Para esta actuación se ha optado por la instalación de la luminaria Aire S3 en una versión customizada, concebida para integrarse en entornos residenciales contemporáneos combinando eficiencia energética, control visual y una presencia formal diferenciada.
Uno de los elementos clave del sistema es la incorporación del Difusor Confort®, una solución orientada a gestionar de forma precisa el deslumbramiento. Este aspecto resulta especialmente relevante en ámbitos de uso peatonal y, de forma más acusada, en zonas infantiles, donde la percepción visual condiciona directamente la experiencia del usuario.

Desde el punto de vista de la implantación, la intervención se ha resuelto mediante una sustitución punto a punto sobre columnas existentes. A pesar de esta limitación inicial, la selección de ópticas específicas ha permitido optimizar la distribución de la luz y alcanzar niveles elevados de uniformidad en todo el ámbito de actuación.

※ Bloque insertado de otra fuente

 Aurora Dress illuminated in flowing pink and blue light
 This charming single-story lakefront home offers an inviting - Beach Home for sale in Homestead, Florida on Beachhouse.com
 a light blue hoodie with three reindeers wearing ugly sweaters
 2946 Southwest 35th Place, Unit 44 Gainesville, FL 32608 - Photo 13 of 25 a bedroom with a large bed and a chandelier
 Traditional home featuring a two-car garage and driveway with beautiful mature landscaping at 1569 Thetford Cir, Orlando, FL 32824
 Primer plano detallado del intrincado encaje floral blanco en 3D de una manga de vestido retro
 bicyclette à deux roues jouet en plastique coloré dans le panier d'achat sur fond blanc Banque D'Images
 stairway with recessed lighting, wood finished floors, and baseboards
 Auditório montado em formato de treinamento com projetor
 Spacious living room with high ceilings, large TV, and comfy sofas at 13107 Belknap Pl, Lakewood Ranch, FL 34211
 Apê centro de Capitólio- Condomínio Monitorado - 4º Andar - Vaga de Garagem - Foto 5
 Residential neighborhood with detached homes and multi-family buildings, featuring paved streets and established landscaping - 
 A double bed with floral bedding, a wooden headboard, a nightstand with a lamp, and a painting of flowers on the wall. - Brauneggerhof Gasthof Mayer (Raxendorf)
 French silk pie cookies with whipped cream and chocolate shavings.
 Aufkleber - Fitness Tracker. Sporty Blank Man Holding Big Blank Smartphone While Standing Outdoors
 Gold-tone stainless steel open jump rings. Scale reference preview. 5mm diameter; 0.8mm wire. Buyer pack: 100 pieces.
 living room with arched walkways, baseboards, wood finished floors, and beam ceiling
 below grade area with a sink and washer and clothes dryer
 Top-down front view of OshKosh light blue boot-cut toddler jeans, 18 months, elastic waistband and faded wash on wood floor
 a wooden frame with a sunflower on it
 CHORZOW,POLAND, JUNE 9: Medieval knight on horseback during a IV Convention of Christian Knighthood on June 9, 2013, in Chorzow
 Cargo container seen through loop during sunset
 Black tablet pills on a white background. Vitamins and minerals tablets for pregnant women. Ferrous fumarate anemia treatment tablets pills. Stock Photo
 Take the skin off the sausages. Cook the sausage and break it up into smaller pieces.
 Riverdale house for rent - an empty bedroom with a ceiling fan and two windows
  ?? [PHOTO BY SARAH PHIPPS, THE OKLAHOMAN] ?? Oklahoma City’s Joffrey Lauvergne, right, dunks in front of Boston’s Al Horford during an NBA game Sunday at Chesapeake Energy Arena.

La combinación entre eficiencia óptica y control del deslumbramiento da como resultado una instalación homogénea, ajustada a criterios actuales de calidad lumínica y orientada a mejorar tanto el rendimiento como el confort visual.

Más allá de los parámetros estrictamente técnicos, el proyecto introduce un elemento menos habitual en este tipo de actuaciones: el tratamiento del diseño de la luminaria como parte del propio discurso urbano. La versión customizada de la Aire S3 incorpora una identidad formal reconocible que contribuye a singularizar el espacio, alejándose de soluciones más neutras o estandarizadas.
Este planteamiento adquiere especial sentido en las zonas de juego infantil, donde la iluminación deja de responder únicamente a criterios funcionales. En estos ámbitos, la luminaria participa en la construcción del ambiente, aportando un componente visual que refuerza el carácter del espacio y lo adapta a su uso, generando una percepción más cercana y acorde con la escala del usuario.

El resultado es una instalación que, pese a su escala contenida, destaca por su impacto visual y por la calidad de la solución adoptada, donde cada elemento ha sido cuidadosamente seleccionado para mejorar la experiencia del usuario.